Run 6 → 7: Run 6 confirmed observation grounding landed cleanly (FLAG precision 100%, 0 silent CLEARs) and put a number on the remaining gap: 13 mismatches, all LLM_CONTRADICTION, all caused by the model emitting the right verdict (CLEAR for NOx=60 vs limit=75, FLAG for pH=9.1 vs [6.0,8.5]) but the wrong satisfied boolean in the formalizable assertion. The model was doing the arithmetic correctly in its reasoning but then mis-transcribing the result into the structured JSON field -- a known failure mode of constrained decoding at 7B. Fix: verifier-side satisfied normalization -- for any assertion whose predicate is stateless and mechanically evaluable (must_not_exceed, must_be_at_least, must_be_within, etc.) the Symbolic Verifier computes the correct boolean and replaces the LLM's claim before the aggregate check runs. The raw LLM claim is preserved in the signed transcript; the envelope carries the mechanically correct value. Grounding failures (fabricated observations, wrong obligation values) are intentionally left uncorrected -- the grounding error is still caught by averify. This is the correct neuro-symbolic split: the model identifies obligations and observes values; the verifier computes predicate truth. Expected impact: 11 of the 13 Run 6 mismatches resolved, targeting >90% accuracy in Run 7.

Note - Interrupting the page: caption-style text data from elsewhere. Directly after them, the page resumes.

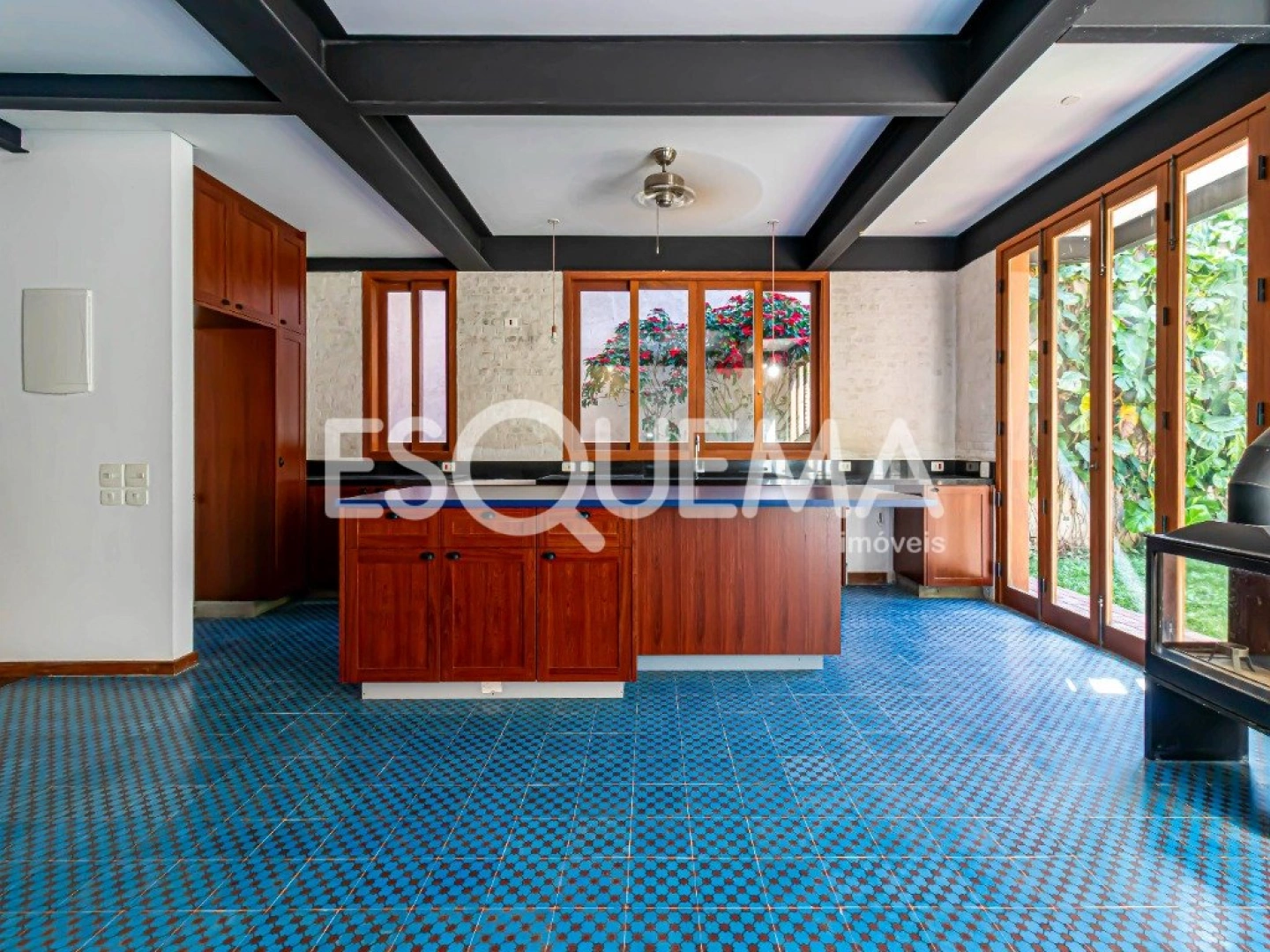Casa recém-reformada em uma das melhores ruas do bairro - Imagem 8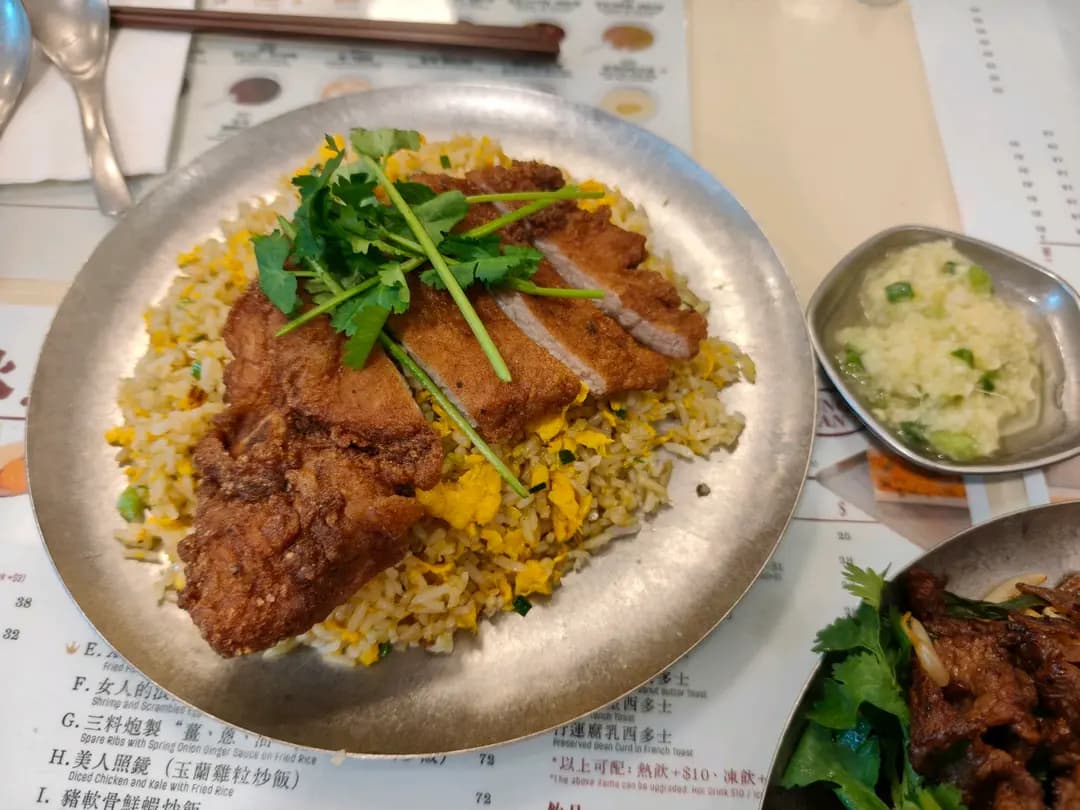 鴻運冰廳餅店 photo 4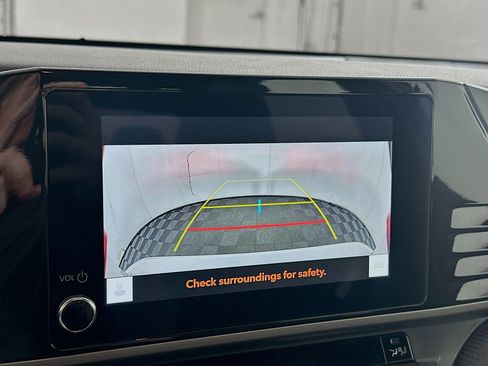 Used 2026 Toyota Camry SE FWD image 23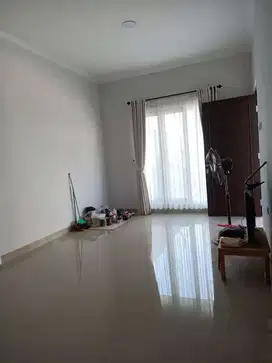Rumah cantik, dalam  cluster ,di sektor 3 bintaro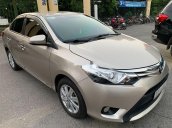 Cần bán lại xe Toyota Vios 1.5G sản xuất 2017, màu vàng cát còn mới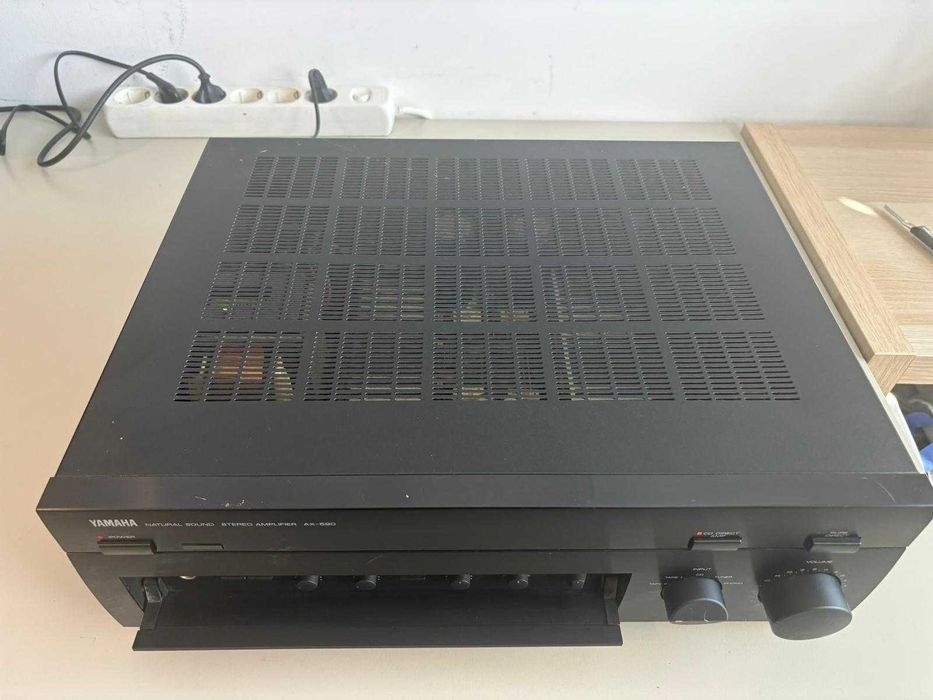Amplificator Yamaha AX 590   8 Ohm: 2 x 100 Watts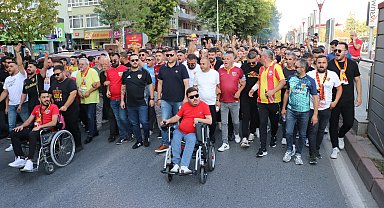 Kayserispor taraftarından Galatasaray maçı öncesi kortej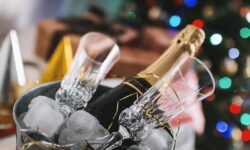The kings of the New Year’s Eve list: hot dogs and champagne in abundance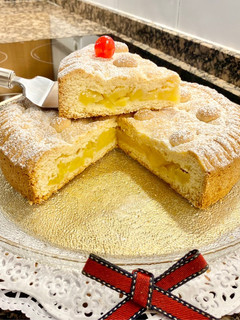 Una foto de Pastel rústico al Limoncello con manzana caramelizada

The row that never moves is the point: across every run, zero breaches were silently CLEARed and FLAG precision held at 100%. Every model failure degraded to a human-reviewed or coverage-gap verdict — NULL_UNMAPPED, DISCRETIONARY (5 of run 3's misses were the Symbolic Verifier catching the LLM's wrong satisfied flags as LLM_CONTRADICTION) — never to a false CLEAR. Accuracy is an iteration target; the safety property is an architectural invariant.

Contributing cases¶

Add a JSONL line with a unique case_id, the measurement, jurisdiction, timestamp, expected verdict, and expected assertions, then run pytest evals/tests/ — the dataset-shape test will tell you what to update. Hard cases that expose model weaknesses are the most valuable contribution; a failing eval with a correct label is a gift.